Диалектическая форма не-жанра и двойное жанровое определение ("Надя" А. Бретона и "Турдейская Манон Леско" Вс. Петрова)

Бесплатный доступ

Рассматриваются жанровые реализации сюрреалистического кода в литературе. Через сопоставительный анализ текстов «Надя» А. Бретона и «Турдейская Манон Леско» Вс. Петрова характеризуется использование диалектической формы не-жанра, а также двойное, парадоксальное жанровое определение, вводящее принципиальное для сюрреализма противоречие.

Сюрреалистический код, роман, военная повесть, рассказчик, стиль

Короткий адрес: https://sciup.org/148310301

IDR: 148310301

Dialectic form of non-genre and double genre definition (“Nadya” by A. Breton and “Turdeyskaya Manon Lesko” by V. Petrov)

The article deals with the genre realization of the surrealistic code in literature. There is characterized the use of the dialectic form of non-genre and the double paradoxical genre definition introducing the contradiction essential for surrealism by means of the comparative analysis of the texts “Nadya” by A. Breton and “Turdeyskaya Manon Lesko” by V. Petrov.

Текст научной статьи Диалектическая форма не-жанра и двойное жанровое определение ("Надя" А. Бретона и "Турдейская Манон Леско" Вс. Петрова)
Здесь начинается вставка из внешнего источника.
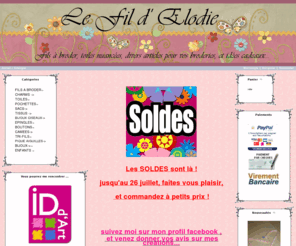 lefildelodie.com: Le Fil d' Elodie
vente de toiles à broder, fils à broder, ainsi que divers accessoires  pour vos ouvrages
Жанрологические проблемы не индивидуального творчества, а целого направления или стиля корректнее формулировать и решать через специальные стилевые коды – абстрактные надтекстовые структуры, регулирующие и программирующие художественные реали- зации в том или ином стиле. Среди прочих выделяется сюрреалистический код литературы. Изначально формируясь в качестве общей базы сюрреалистических концептов и практик, сюрреалистический код в дальнейшем претерпевает собственную эволюцию, что обеспечивает многообразие воплощений сюрреалистического как такового в литературе уже второй половины ХХ и начала XXI в., в том числе в литературе, не всегда напрямую ассоциирующейся с сюрреализмом как литературным движением.

Наряду с определением минимальных нарративных жестов, интонаций и сюжетных схем, при которых создаются благоприятные условия для сюрреалистического кода, необходимо уточнение и жанровых условий: в каких жанрах, жанровых формах и нарративных формулах этот код имеет больше шансов актуализироваться. Сам стилевой код, хотя и становится, подобно жанру, общей рамкой для реализации текстов, является более высоким уровнем по отношению к жанру. При этом если перед сюрреализмом как эстетической и художественной системой стояла задача преодоления жанровых границ, разрушения некоторых традиционных жанров, то код, наоборот, исходит из вариативности жанровой системы, позволяя в новейшее время осуществлять сюрреалистическое через расширенный круг форматов.

Жанрологические вопросы, относящиеся к сюрреалистическому искусству, ставятся в исследованиях в основном казуально. Такие решения ad hoc могут прояснять, например, предпочтения сюрреалистов в драматургических формах [3] или характер внутрижан-ровых трансформаций [7]. Обобщающие работы как отечественных, так и зарубежных ученых посвящены все же тем жанрам, о которых высказывались определенным образом сами сюрреалисты (роман, детектив, мелодрама и т. д.) или которые устойчиво ассоциируются с практиками сюрреалистических игр и автоматического письма (записи сновидений, каталог, коллаж и др.).

Пожалуй, единственное исключение ‒ это работа В.И. Пинковского [5], в которой он критически анализирует архитектонические тенденции сюрреалистической поэзии и на их основе создает жанровые модели, не столько описывающие, сколько объясняющие жанровое творчество сюрреалистов. Именно такой

подход может действительно помочь при разговоре о стиле, построенном на противоречивом жесте отказа (в данном случае от жанровых форм и систем), требующем вдумчивой деконструкции и последующего исследовательского моделирования в рамках сильной научной программы. В сущности, подобной проективной моделью, которая нацелена, правда, на обнаружение не только жанровых предустановок, можно считать и сюрреалистический код.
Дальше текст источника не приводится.